WHAT YOU WILL DO — The required output is the exact text of the lines from the line containing "Fototapeta premium Old" through the final line below, inclusive, without pictures.

SOURCE DATA —
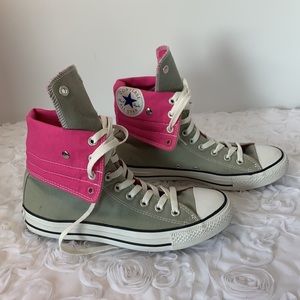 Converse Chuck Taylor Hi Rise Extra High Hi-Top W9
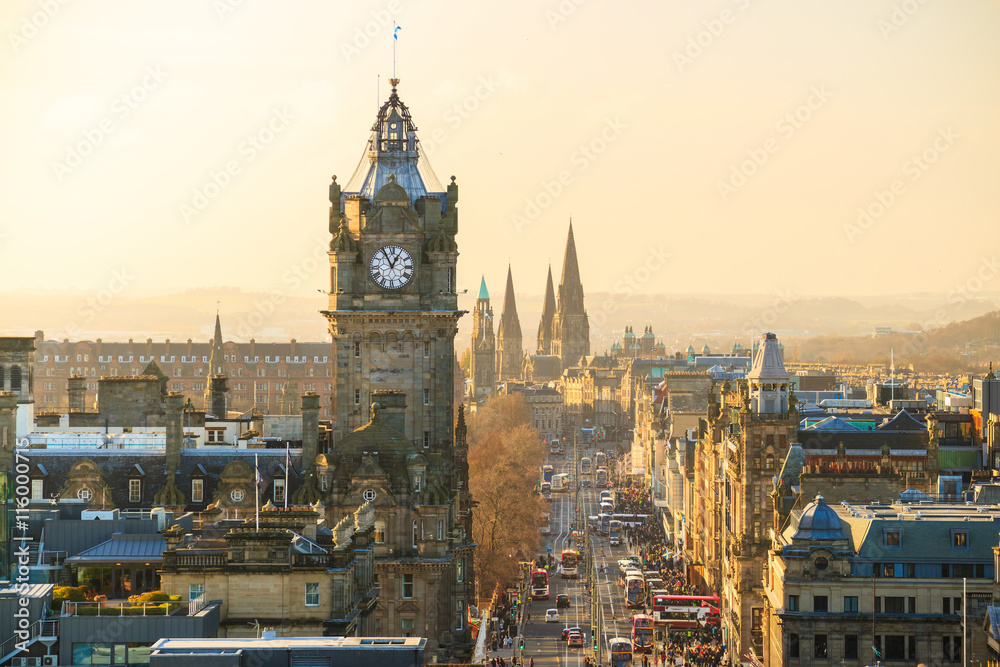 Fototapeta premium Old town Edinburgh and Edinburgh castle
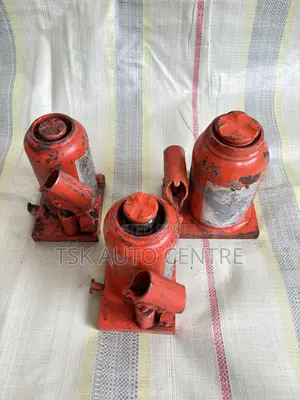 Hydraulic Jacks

SOLUTION FOR THIS TASK —
 Fototapeta premium Old town Edinburgh and Edinburgh castle
 Hydraulic Jacks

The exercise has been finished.